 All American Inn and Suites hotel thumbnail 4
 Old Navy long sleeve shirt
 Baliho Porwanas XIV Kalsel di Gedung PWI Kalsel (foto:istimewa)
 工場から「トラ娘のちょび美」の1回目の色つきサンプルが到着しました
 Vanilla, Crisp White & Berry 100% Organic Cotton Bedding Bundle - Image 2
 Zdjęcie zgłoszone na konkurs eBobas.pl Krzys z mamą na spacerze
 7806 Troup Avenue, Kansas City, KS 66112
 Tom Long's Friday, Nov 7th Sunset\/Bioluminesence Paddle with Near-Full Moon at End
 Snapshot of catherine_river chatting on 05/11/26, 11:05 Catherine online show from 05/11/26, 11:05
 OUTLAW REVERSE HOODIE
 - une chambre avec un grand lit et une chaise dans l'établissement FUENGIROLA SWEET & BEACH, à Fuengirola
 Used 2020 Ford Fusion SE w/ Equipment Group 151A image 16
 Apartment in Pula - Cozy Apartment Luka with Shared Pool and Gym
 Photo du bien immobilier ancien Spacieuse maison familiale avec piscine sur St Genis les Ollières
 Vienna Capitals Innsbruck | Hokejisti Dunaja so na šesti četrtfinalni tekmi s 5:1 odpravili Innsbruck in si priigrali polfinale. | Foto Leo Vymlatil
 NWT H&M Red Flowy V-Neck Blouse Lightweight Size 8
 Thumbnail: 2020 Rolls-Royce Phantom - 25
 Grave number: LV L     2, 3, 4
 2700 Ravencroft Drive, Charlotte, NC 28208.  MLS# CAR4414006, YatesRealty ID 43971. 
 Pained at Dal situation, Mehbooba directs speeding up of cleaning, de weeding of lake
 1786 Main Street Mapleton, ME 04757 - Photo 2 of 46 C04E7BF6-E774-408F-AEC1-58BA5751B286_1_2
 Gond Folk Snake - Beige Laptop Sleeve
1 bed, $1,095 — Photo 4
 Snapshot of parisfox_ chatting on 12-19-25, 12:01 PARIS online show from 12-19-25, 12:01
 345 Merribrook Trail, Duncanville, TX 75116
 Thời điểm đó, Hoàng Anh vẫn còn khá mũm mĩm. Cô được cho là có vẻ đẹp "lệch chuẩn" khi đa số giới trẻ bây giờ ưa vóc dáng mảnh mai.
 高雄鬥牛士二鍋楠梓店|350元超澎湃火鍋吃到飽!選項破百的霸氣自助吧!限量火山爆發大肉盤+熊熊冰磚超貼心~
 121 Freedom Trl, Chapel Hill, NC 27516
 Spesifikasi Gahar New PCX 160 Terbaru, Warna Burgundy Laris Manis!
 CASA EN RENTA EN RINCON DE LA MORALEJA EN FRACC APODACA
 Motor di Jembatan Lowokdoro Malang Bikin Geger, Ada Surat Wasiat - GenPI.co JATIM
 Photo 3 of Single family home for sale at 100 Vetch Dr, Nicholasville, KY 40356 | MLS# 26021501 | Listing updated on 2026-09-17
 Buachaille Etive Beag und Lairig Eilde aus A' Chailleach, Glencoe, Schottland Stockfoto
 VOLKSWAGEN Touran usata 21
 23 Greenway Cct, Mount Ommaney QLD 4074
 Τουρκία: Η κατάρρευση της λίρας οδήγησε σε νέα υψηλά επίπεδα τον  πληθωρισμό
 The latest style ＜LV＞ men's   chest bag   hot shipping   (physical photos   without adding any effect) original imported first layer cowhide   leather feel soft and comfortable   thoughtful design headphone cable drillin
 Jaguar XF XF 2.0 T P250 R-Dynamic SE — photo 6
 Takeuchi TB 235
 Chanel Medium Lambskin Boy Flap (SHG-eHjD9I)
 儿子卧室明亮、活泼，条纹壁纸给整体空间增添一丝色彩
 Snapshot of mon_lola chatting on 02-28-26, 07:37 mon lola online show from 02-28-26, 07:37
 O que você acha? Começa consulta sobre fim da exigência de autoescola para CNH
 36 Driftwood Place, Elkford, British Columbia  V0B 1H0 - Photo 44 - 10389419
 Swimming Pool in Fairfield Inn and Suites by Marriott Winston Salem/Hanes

### TASK BRIEF
Would you print exactly and only the lines of the material above that run from the line with "Tom Long's Friday, Nov" through the line with "Photo du bien", both included?

### EXERCISE RESPONSE
 Tom Long's Friday, Nov 7th Sunset\/Bioluminesence Paddle with Near-Full Moon at End
 Snapshot of catherine_river chatting on 05/11/26, 11:05 Catherine online show from 05/11/26, 11:05
 OUTLAW REVERSE HOODIE
 - une chambre avec un grand lit et une chaise dans l'établissement FUENGIROLA SWEET & BEACH, à Fuengirola
 Used 2020 Ford Fusion SE w/ Equipment Group 151A image 16
 Apartment in Pula - Cozy Apartment Luka with Shared Pool and Gym
 Photo du bien immobilier ancien Spacieuse maison familiale avec piscine sur St Genis les Ollières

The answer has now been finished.